The Flavor That Street Food Built Is Now in a Bottle from Mission Craft Cocktails

Mission Craft Cocktails‘ bar-strength Tamarind Margarita brings Mexican candy flavors to a ready-to-drink cocktail that funds meals via Feeding America.

There’s a flavor system that’s been doing serious work in Mexican markets, corner tiendas, and street carts for generations — tamarind, chili, lime, and a hit of sweet heat — and nobody in the premium RTD cocktail space has touched it. Until now.
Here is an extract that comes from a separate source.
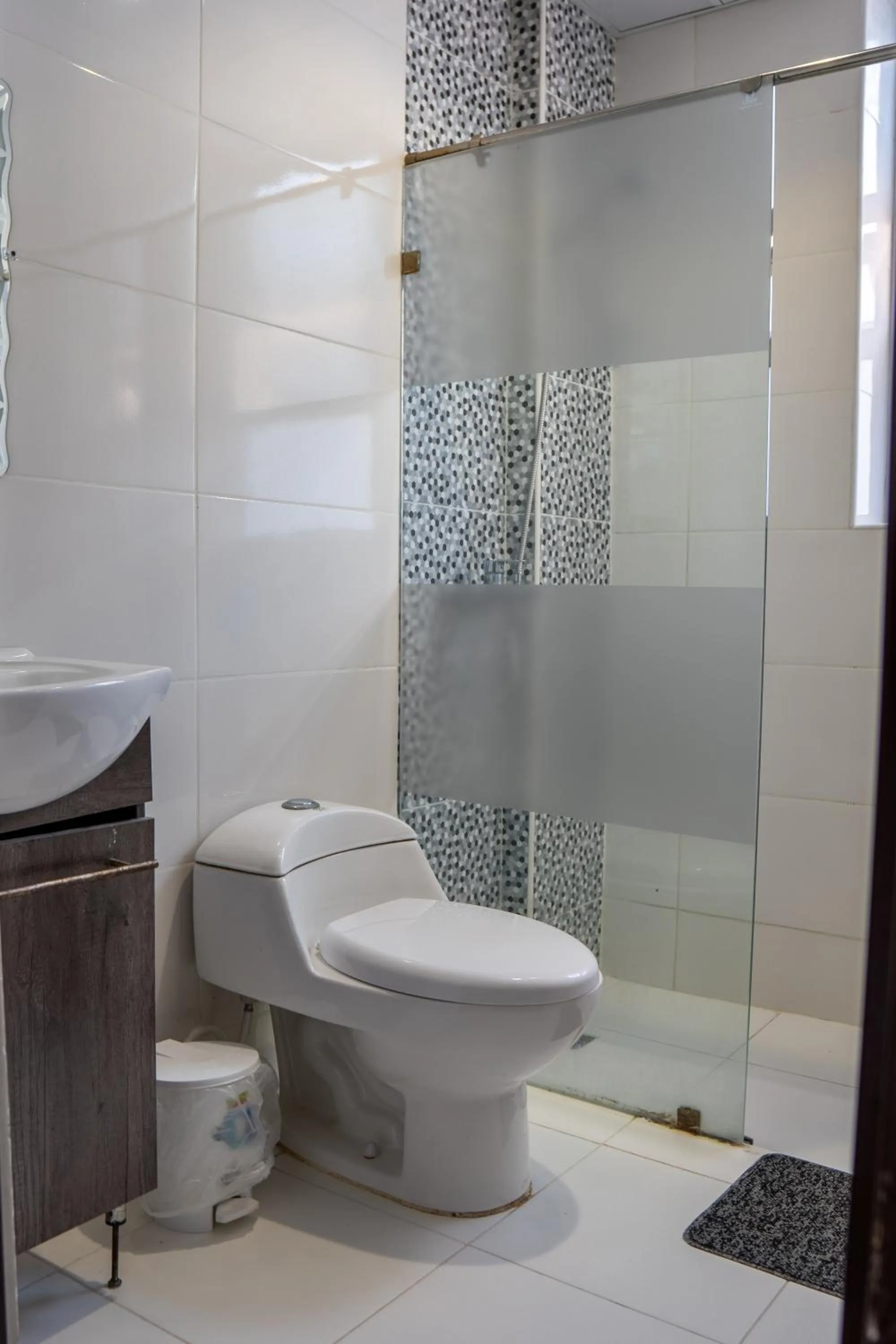 Shower in Hotel Gran Real Punta Cana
Mission Craft Cocktails, the Orange County-based brand that has been quietly building one of the more interesting bar-strength ready-to-drink lineups in the country, just launched its Tamarind Margarita. It lands in time for World Cocktail Day — May 13, which this year marks 220 years since the first printed definition of a “cocktail” appeared in 1806 — and it arrives not as a novelty flavor but as a legitimate expression built around a flavor profile that earned its credibility long before any cocktail trend discovered it.

What Mexican Candy Culture Actually Tastes Like

The Tamarind Margarita combines premium tequila and handmade orange liqueur with lime, tamarind, agave nectar, watermelon, and chili.

What you get is a profile that moves in stages: the tart, slightly funky pull of tamarind up front, then the citrus backbone of lime cutting through, then a slow chili warmth that doesn’t announce itself so much as it settles in. It’s the flavor architecture of a chamoy-rimmed mango paleta, reconfigured into a cocktail that sits at bar strength — 20 to 40% ABV — and means it.

That’s the distinction worth paying attention to. The RTD category has a low-ABV problem. Brands chasing convenience often chase session strength to match. Mission Craft doesn’t. Their lineup is built at full cocktail strength, which means it behaves like something poured by a bartender who measured correctly, not like a spiked lemonade that decided to call itself a margarita.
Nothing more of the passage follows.